Deficiencies in the water-soluble vitamins has a multitude of effects. Folic acid (vitamin B9) and cobalamin (vitamin B12) deficiency can both cause megaloblastic anemia. Deficiency in thiamine (vitamin B1) can cause beriberi and high-output heart failure, whereas deficiency riboflavin (vitamin B2) can cause glossitis and seborrheic dermatitis. Niacin (vitamin B3) deficiency can result in pellagra, leading to dermatitis, dementia, diarrhea, and weakness.
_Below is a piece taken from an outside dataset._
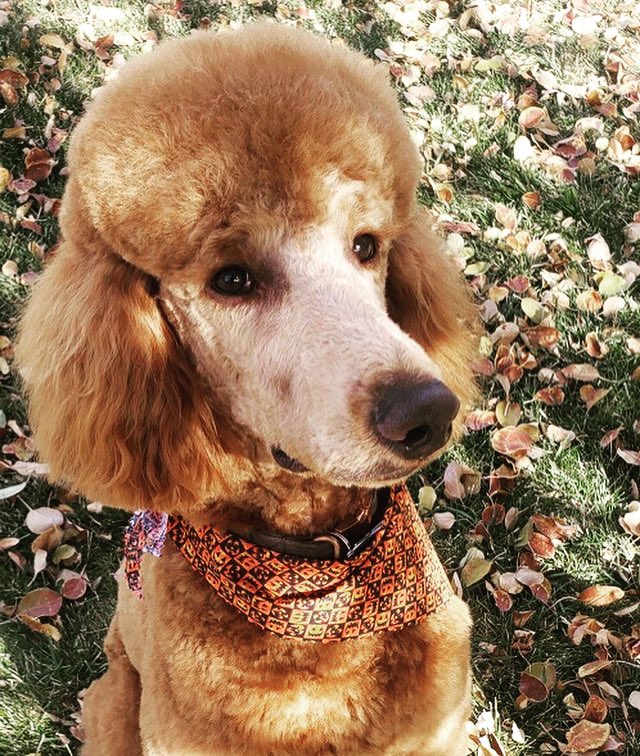 talkingterrier's tweet photo. #happyfallyall - #halloween #doglife #doglovers #dogsoftwitter #poodle #poodles https://t.co/WZ4LJtr3JL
Pyridoxine (vitamin B6) deficiency can lead to neuropathy, irritability, and weight loss. 

Minerals or trace elements such as phosphorus, iron, and zinc can also be deficient in protein-energy malnutrition. Phosphate deficiency, if severe, can cause rhabdomyolysis, bone pain, or osteomalacia. Iron deficiency can lead to microcytic anemia and, if severe, can result in cardiomegaly, lethargy, and impaired psychomotor and mental development. Zinc deficiency can lead to growth failure, increased infections, and cognitive dysfunction.


Patient Education

Education regarding adequate nutrition starts with the mother, often prior to childbirth. It is important to educate the mother to be healthy during pregnancy to meet the nutritional demands not only of her child, but also herself. Educating these women regarding the importance of breastfeeding and how to adequately nourish a child is also essential.